Alerta en esta el docente contra la técnica aplicada como mero instrumento, sin objetivo ni valoración de resultados más allá de los costes no estadísticos. Si bien coincide con Max Weber en la superioridad de un modelo como el parlamentario británico, con políticos elegidos y responsables ante sus electores, así como funcionarios (técnicos) neutrales y de carrera, no soslaya el problema de situar a los últimos a la cabeza del Ejecutivo. Enuncia, en consecuencia, los dos grandes problemas que suscita el tecnócrata, que siempre puede esgrimir: soy «solo» un técnico, por lo que no me interesan otras consideraciones de raíz política; soy «nada menos» que un tecnócrata, por lo que sé todo lo que hay que hacer y no admito discusión posible.
A juicio del mismo académico, el peligro de un gobierno burocrático reside en que, bajo pretexto del desarrollo económico, se rehúya el desarrollo político «para conservar o reforzar sus posiciones». Y se suela agitar, como pretexto, «el temor a la demagogia y al partidismo».
Escamotear el debate y la defensa de los ideales enmascara una gran torpeza. La política se mueve siempre en el terreno de lo opinable y nunca es ajena a los impulsos del corazón, que al decir de Pascal alberga razones que la razón no entiende.
El desarrollo económico, siempre según el mismo profesor, es una tarea colectiva, incomprensible sin «un esfuerzo global de todos», y, por tanto, constituye una «empresa política», previa y más amplia, que «exige trabajo concertado, readaptación de estructuras, estímulos de todas clases, y un mínimo de justicia en la distribución de sacrificios y provechos». De ahí la necesidad, como acto «esencialmente político», de conformar un gran capital social. De ahí la importancia de remover lo que obstaculiza el cambio, los «intereses creados», organizados de costumbre en torno a poderosos grupos de presión para quienes ese cambio «no resulta tan conveniente como para la mayoría».
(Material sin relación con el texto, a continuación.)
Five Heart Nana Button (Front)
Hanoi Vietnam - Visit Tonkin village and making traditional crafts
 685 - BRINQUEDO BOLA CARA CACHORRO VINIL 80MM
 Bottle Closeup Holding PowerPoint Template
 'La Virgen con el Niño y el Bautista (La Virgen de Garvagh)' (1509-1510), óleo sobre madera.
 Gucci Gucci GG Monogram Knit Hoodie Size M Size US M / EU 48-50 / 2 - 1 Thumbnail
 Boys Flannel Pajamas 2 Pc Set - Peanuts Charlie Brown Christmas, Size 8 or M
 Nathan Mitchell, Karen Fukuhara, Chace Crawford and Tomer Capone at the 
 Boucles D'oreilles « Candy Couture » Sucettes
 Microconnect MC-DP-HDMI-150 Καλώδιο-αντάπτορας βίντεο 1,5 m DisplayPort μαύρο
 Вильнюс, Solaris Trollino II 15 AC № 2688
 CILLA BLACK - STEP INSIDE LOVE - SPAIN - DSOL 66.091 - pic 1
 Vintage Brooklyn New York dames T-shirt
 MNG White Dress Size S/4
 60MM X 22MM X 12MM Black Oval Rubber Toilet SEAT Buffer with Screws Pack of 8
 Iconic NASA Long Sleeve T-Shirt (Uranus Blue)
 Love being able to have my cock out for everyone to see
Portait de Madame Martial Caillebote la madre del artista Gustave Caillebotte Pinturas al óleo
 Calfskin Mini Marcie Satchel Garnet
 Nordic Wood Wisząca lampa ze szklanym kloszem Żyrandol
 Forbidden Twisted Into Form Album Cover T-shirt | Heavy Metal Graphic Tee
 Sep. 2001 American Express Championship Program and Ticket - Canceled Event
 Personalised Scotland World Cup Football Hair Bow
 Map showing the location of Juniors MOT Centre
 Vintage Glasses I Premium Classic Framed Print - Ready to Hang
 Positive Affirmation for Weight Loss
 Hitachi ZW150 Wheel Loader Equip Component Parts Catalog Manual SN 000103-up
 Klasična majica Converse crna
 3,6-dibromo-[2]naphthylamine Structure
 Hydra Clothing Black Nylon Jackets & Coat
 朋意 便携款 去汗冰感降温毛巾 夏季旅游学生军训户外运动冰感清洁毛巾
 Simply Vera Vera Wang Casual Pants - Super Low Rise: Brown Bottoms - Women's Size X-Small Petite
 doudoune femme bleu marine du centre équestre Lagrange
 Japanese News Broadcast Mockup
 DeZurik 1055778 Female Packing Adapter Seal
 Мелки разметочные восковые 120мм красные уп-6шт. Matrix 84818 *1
La legitimidad de los cambios, prosigue el mismo docente, es «lo más difícil y lo más importante de la creación política, lo que ningún grupo de expertos o de tecnócratas puede conseguir, por muchas estadísticas que produzcan o de folletos que editen». Es por eso por lo que en la misma disertación concluye que «los expertos deben presentar el cuadro general técnico y económico en que se toman las decisiones; pero estas deben tomarse libremente, sobre juicios de valor y estados de opinión». Conforme a ello, el político no puede convertirse en una suerte de «rey holgazán», cuyos cuadros se lo dan todo hecho. En ese caso, las decisiones impopulares tornan la situación muy delicada, en especial cuando se hace patente el «envejecimiento» de las instituciones.
La única solución, en definitiva, consiste en una mayor acción política, en la defensa de las propias convicciones y en la revitalización de los «cuerpos deliberantes y la democracia». Ello exige abandonar la «jerga de la subcultura económica» e informar abiertamente en los medios de comunicación. Gobernar, en una palabra.
El profesor en cuestión se llamaba Manuel Fraga Iribarne. Hasta su muerte, en enero de 2012, fue presidente-fundador del partido que hoy gobierna, y las reflexiones anteriores las vertió en la primavera de 1971.
Álvaro de Diego González, decano de la Facultad de Ciencias Sociales y Humanidades de la Universidad a Distancia de Madrid.